ON THE ASYMPTOTIC BEHAVIOR OF ANALYTIC FUNCTIONS

(Presented by Academician S. L. Sobolev on 25 IV 1958)

The paper indicates a certain dependence between the asymptotic behavior

\[ f(z)=\sum_{s=1}^{\infty}(-1)^{s-1}a_s z^s = a_1z-a_2z^2+a_3z^3-\cdots \tag{1} \]

as \(z\to\infty\) along the positive real axis and the analytic properties of the function \(a_s=a(s)\), which is considered chiefly as a rational function of the complex variable \(s\). For this case \(f(z)\) can be analytically continued to the whole half-axis \(x\geqslant0\). If in the half-plane \(\operatorname{Re}(s)\geqslant0\) the function \(a_s\) has no poles, then \(f(x)\) tends to a finite limit. If \(a_s\) has poles in this half-plane, then \(f(x)\) grows without bound, and the order of growth depends on the abscissa of the rightmost pole. Knowing the poles of \(a_s\), one can indicate not only the order of growth, but also an exact asymptotic formula for \(f(x)\). This dependence, and moreover in the very same form, turns out to be valid not only for rational functions \(a_s\). Here we restrict ourselves to additional indications only for more or less special classes of functions for which the properties mentioned hold.

Definition. The function \(a_s\) is said to possess property A if it is defined at the integer points \(0,1,2,\ldots\), the series (1) converges in some neighborhood of the point \(z=0\), \(f(z)\) is analytically continuable to the whole half-axis \(x\geqslant0\), and tends to \(a_0\) as \(x\to\infty\).

Lemma. If the \(n\)-th difference \(\Delta^n a_s\) at the point \(0\) for the function \(a_s\) tends to zero as \(n\to\infty\), then \(a_s\) and \(a_s/\Gamma(s+1)\) possess property A.

Theorem 1. If \(a_s\) is a rational function having no poles in the half-plane \(\operatorname{Re}(s)\geqslant0\), then \(a_s\) and \(a_s/\Gamma(s+1)\) both possess property A.

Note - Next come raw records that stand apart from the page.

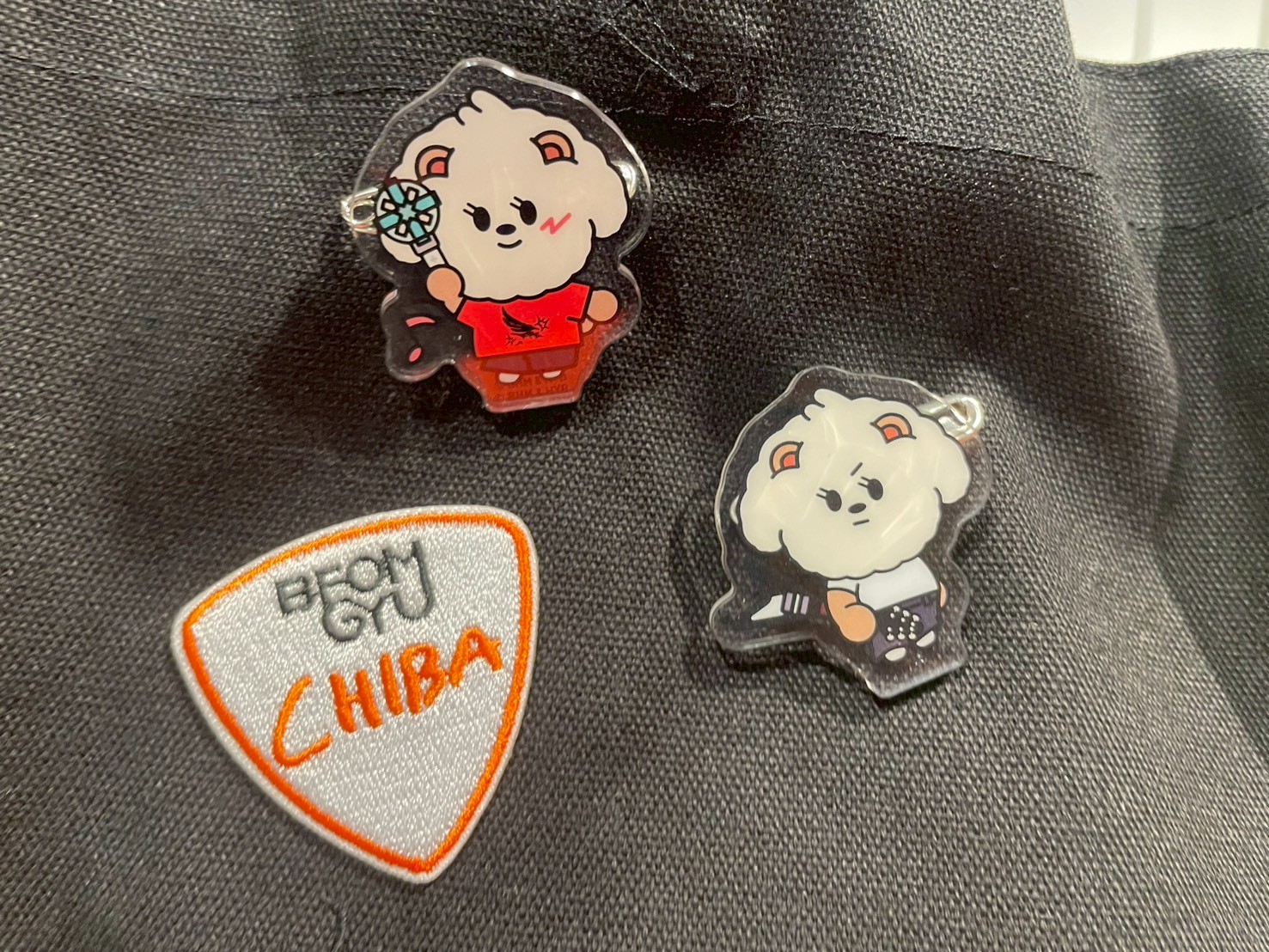 （左下）LOCAL WAPPEN STICKER （RANDOM）￥700、（上・右）PPULBATU ACRYLIC BADGE （RANDOM）¥700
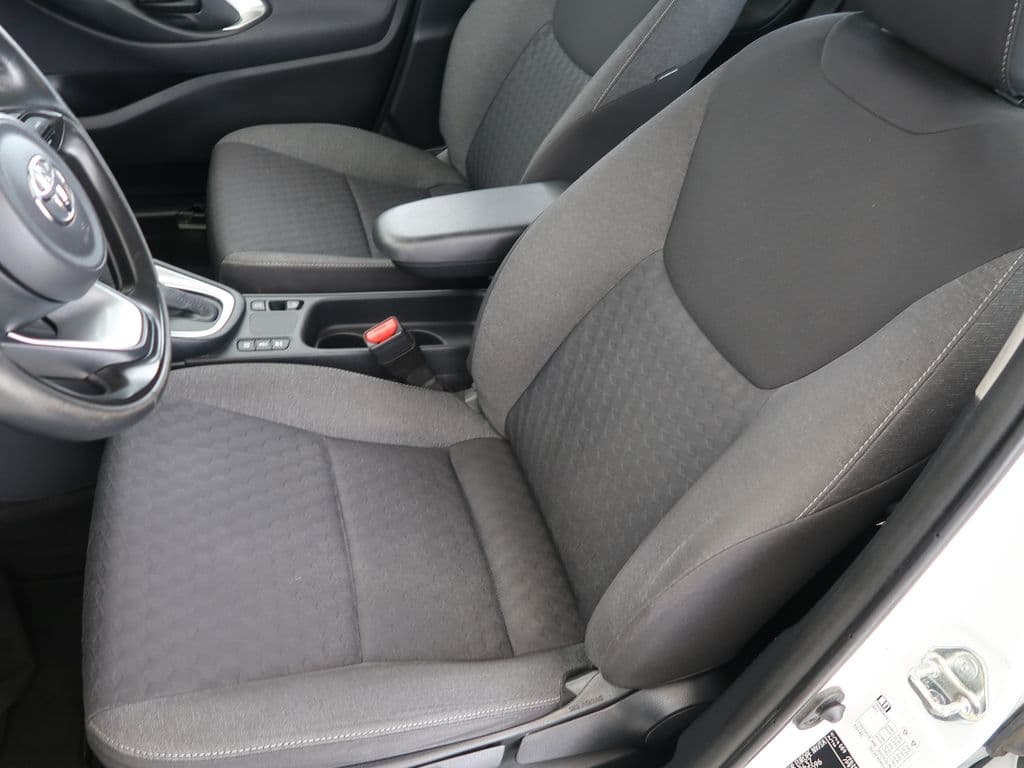 2023 Toyota YARIS - 9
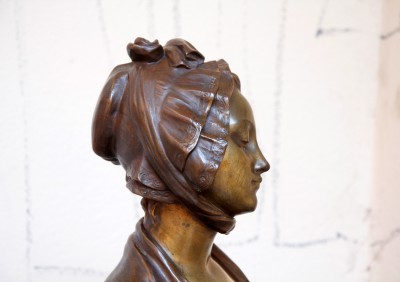 Fernand CIAN (1889-1954) - Jeune fille à la rose, bronze à double patine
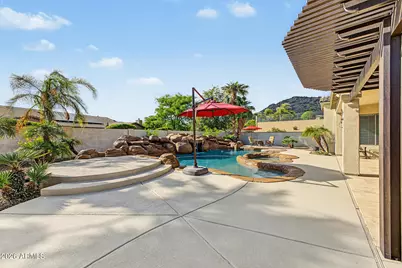 26036 N 42nd Drive, Phoenix, AZ 85083 - Photo 35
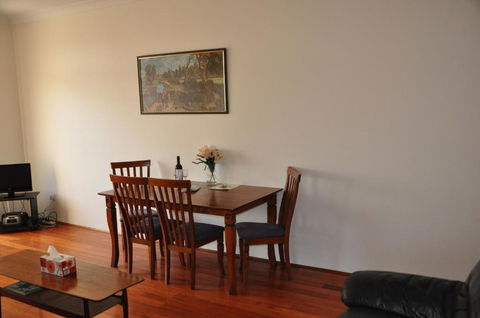 Accommodation Sydney Kogarah 2 Bedroom Apartment With Balcony - Kawana Tourism 3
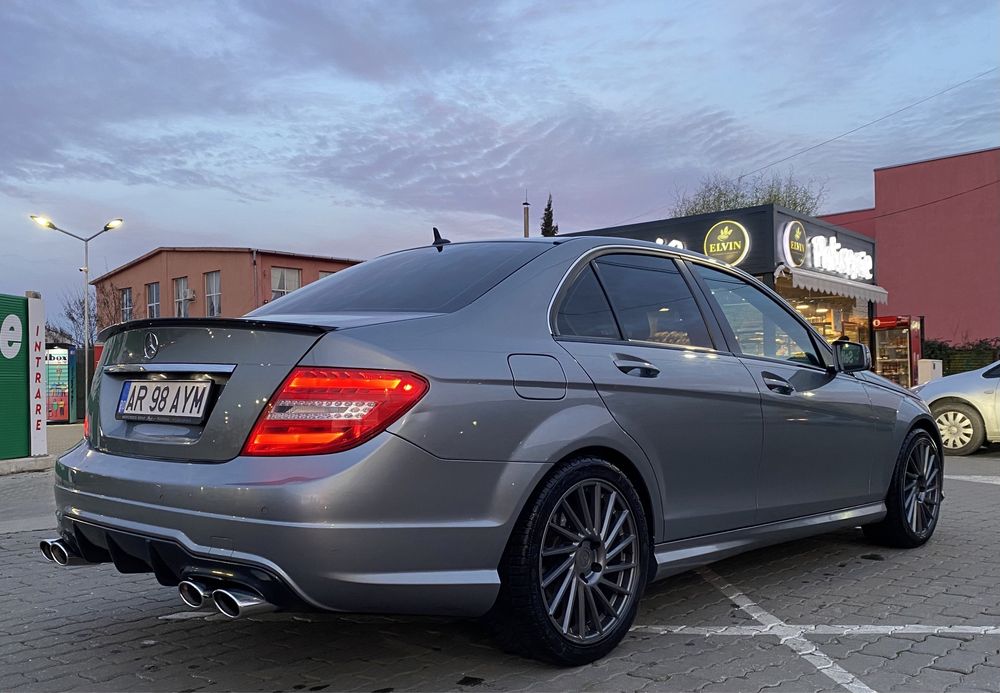 MERCEDES-Benz C class w204 facelift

Proof. We shall show that \(\Delta^n a_0\to0\) as \(n\to\infty\). For a polynomial the assertion is obvious. In the presence of poles it is sufficient to consider the case \(a_s=(s-p)^{-k}\), where \(\operatorname{Re}(p)<0\). Denote \(p=-q\), \(\operatorname{Re}(q)>0\); setting \(F_n(x,q)=x^{k-1}e^{-qx}(1-e^{-x})^n\), we have for \(n\geqslant0\)

\[ a_n=\frac{1}{(k-1)!}\int_0^\infty x^{k-1}e^{-(q+n)x}\,dx, \qquad \Delta^n a_0=\frac{(-1)^n}{(k-1)!}\int_0^\infty F_n(x,q)\,dx. \]

Take arbitrary \(x_0>0\); let

\[ I_1=\int_0^{x_0} F_n(x,q)\,dx, \qquad I_2=\int_{x_0}^{\infty} F_n(x,q)\,dx. \]

Then

\[ |\Delta^n a_0|\leqslant \frac{1}{(k-1)!}\bigl(|I_1|+|I_2|\bigr). \]

Let an arbitrary \(\varepsilon>0\) be given. Since, for any \(n\),

\[ |I_2|\leqslant \int_{x_0}^{\infty} F_n(x,\operatorname{Re}(q))\,dx < \int_{x_0}^{\infty} x^{k-1}e^{-x\operatorname{Re}(q)}\,dx, \]

\(x_0\) can be chosen so large that, for all \(n\), the inequality \(|I_2|<\varepsilon\) will hold. In the integral \(I_1\) we have \(0\leqslant x\leqslant x_0\), \(0\leqslant 1-e^{-x}\leqslant 1-e^{-x_0}=\lambda<1\); consequently,

\[ |I_1|\leqslant \lambda^n \int_0^{x_0} x^{k-1}e^{-x\operatorname{Re}(q)}\,dx, \]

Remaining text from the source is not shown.